Joël Hourtoule (left) and Jean-Yves Journeaux in one of the twin ''control towers'' that collect and dispatch electrical power as well as data, thus providing a real-time picture of what's going on, electrically speaking, on the ITER worksite.
Without CODAC, the ITER machine would be like a Tower of Babel: systems and components would each speak their own language and total confusion would result.
CODAC, which stands for Control, Data Access and Communication, is the central control system—the "common language" responsible for operating ITER. Section Leader Anders Wallander defines CODAC as "a system which, from an operational point of view, makes one entity of everything."
Over the course of the years, CODAC standards for ITER were established and a documentation package, called the Plant Control Design Handbook
(PCDH), was published to provide guidelines and specifications to the industry for Instrumentation and Control (I&C). A reference to the PCDH is now attached to every Procurement Arrangement signed between the ITER Organization and a Domestic Agency.

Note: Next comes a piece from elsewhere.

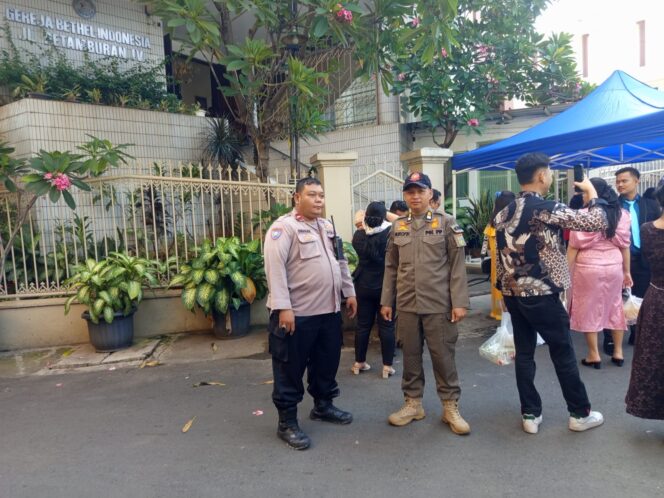 
					Polsek Metro Gambir Tindaklanjuti Segera Laporan Pohon Tumbang di Petojo Selatan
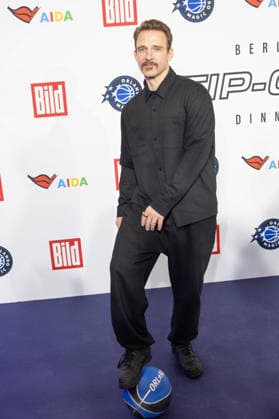 NBA Tip Off Dinner Axel Springer Heiko Schaffartzik German actor and former basketball player Tip off Dinner On the occasion of the NBA game on January 15, Axel Springer Verlag invites you to a dinner at the publishing house in Berlin Copyright: xEventpressxFuhrx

The ITER machine and plant systems will not be fully operational before the end of the decade but a light version of CODAC—dubbed "mini CODAC"—is already being implemented on the ITER construction site.
"We needed an illustration of what the CODAC system really is," explains Jean-Yves Journeaux, a member of the CODAC team and the responsible officer for PCDH. "We needed to verify that our solutions were efficient and appropriate, and that our clients endorsed them."
The distribution of electrical power to the ITER worksite provided just the "user case" that the CODAC team needed. Until recently, distributing 15kV electrical power to the construction companies on the site (what Journeaux calls the "clients") relied on a rather primitive system. Meters, for instance, were not centralized and had to be read manually.
"We lacked an efficient control and command system," says Joël Hourtoule, section leader for ITER's steady state electrical network (SSEN). "We realized we could provide the CODAC team with a pertinent user case."
What the CODAC Team has implemented for the electrical distribution, command and control on the ITER worksite "is no laboratory tool," stresses Hourtoule. "It is the first truly operational ITER system."
The system core is hosted in two small concrete buildings located at the back of the current office buildings on the ITER site, labelled Load Centre B91 and B92. The two buildings are like twin control towers, collecting and dispatching electrical power as well as data and providing Hourtoule and the operations team with a real-time picture of what's going on, electrically speaking, on the ITER worksite.
The present electrical consumption on the ITER worksite is equivalent to that of some one hundred households (~ 1MW), and significantly more when the concrete batching plants are operating. Consumption will be multiplied by ten when assembly of the ITER poloidal field coils is underway in the Winding Facility and the cryostat is being assembled.
"We're working with Fusion for Energy to extend the use case to the monitoring of the Poloidal Field Coils Winding Facility," says Journeaux. "It will be the first time we work directly with a Domestic Agency on something tangible. For us at CODAC, the 'hands-on' is about to begin."